What did he know about these people, really? Had he signed up with a terrorist group? Was he in the early stages of the indoctrination? Was that the more responsibility that Thompson had talked about that evening when they were watching the horses? They hated the government, of course, but who didn’t? Even those who hadn’t been infected had to live in this brave new world of checkpoints and a catalog of civil rights that was being drawn down upon like a dwindling bank account.
He could run away. He’d made it on his own for a long time before signing on here. He could survive. He could make a new life for himself. So what if he didn’t know where he was? It wasn’t like he had anywhere to be. It didn’t matter if it took him a day or a week or even a month. Such was the life of a post-apocalyptic refugee.
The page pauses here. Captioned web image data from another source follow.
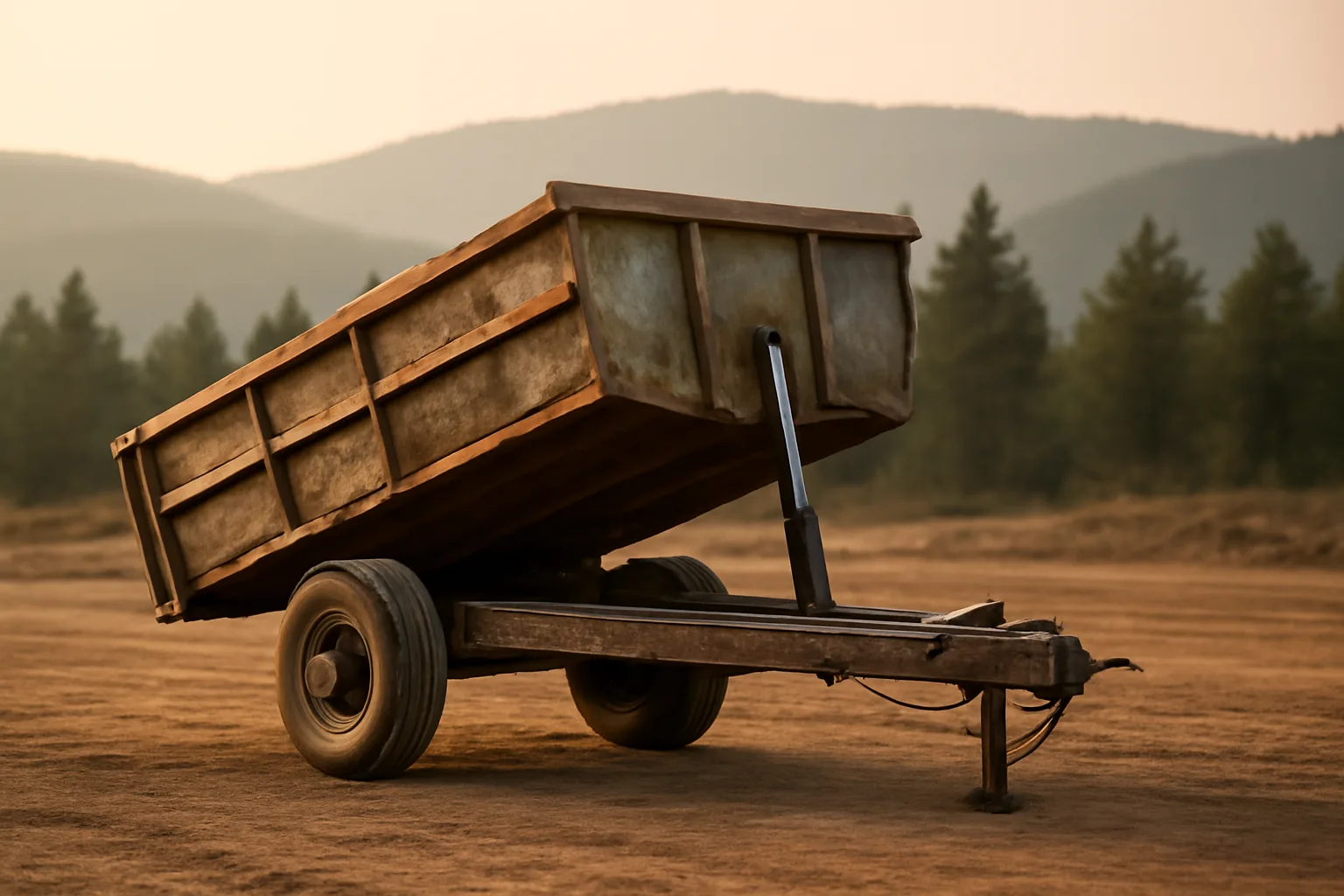Unmarked dump trailer parked on dirt in Colorado evening light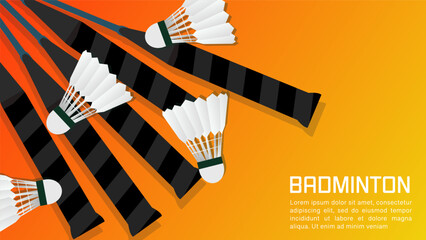 Badminton racket with white badminton shuttlecock , badminton sports wallpaper with copy space  ,  illustration Vector EPS 10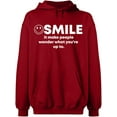 thumbnail image 2 of OXI Hoodie Sweatshirt - Smile It Make People, Basic Casual Hoodie for Men's and Women Fleece Hoodie Long Sleeve - Antiquee Cherry Small, 2 of 3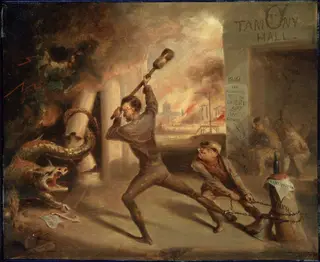 Lincoln Crushing the Dragon of Rebellion, by David Gilmour Blythe, oil, 1862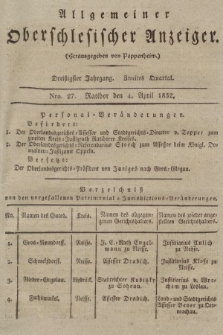 Allgemeiner Oberschlesischer Anzeiger : Blätter zur Besprechung und Förderung provinzieller Interessen zur Belehrung und Unterhaltung. 1832, nr  27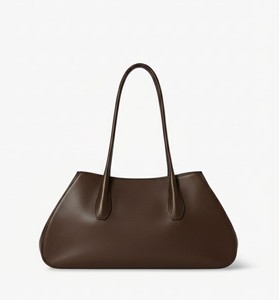 Dark Brown Smooth Leather Vintage Lady <b>Tote</b> <b>Bag</b> Women Minimalist Large Shoulder Purse Work Handbag Two Straps Designer Spacious - Product Image 3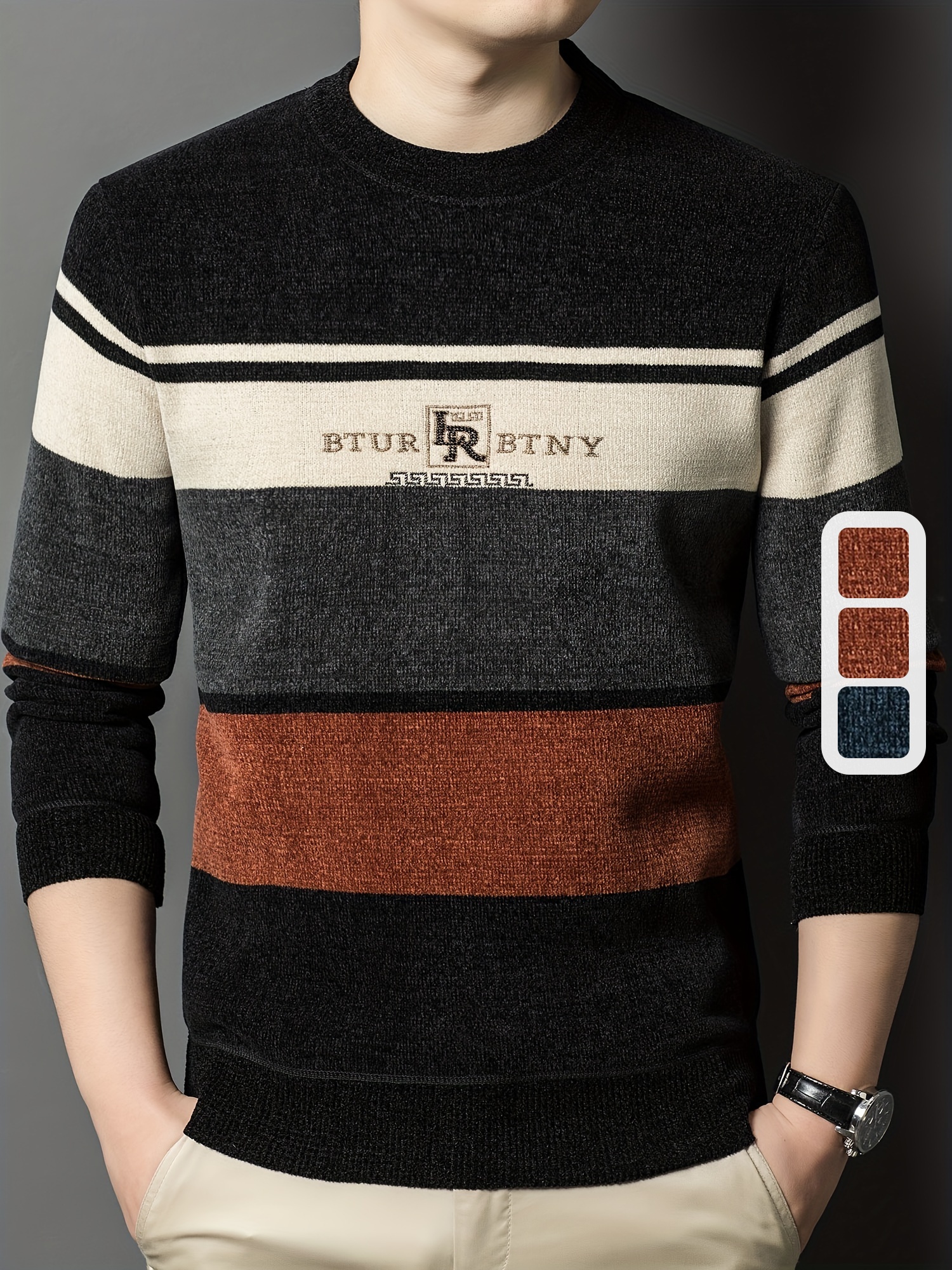 سويت شيرت شتوي للرجال بتصميم مخطط، مصنوع من بوليستر سميك، بياقة دائرية غير رسمية، مقاس عادي، بأكمام طويلة، سترة محبوكة بحواف وأساور مضلعة، بنمط حروف عصري، ملابس دافئة لفصل الشتاء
But would they hunt him down?
Something else was at work, as well, something he didn’t necessarily want to admit at the top of his consciousness. Because if it wasn’t there, he’d have packed his bag and kept on keeping on, right on out the back door. There wouldn’t be any of this ridiculous pacing, like a pathetic teenage boy trying to muster up the courage to call a pretty girl for the first time. These were his people. The world had left them behind.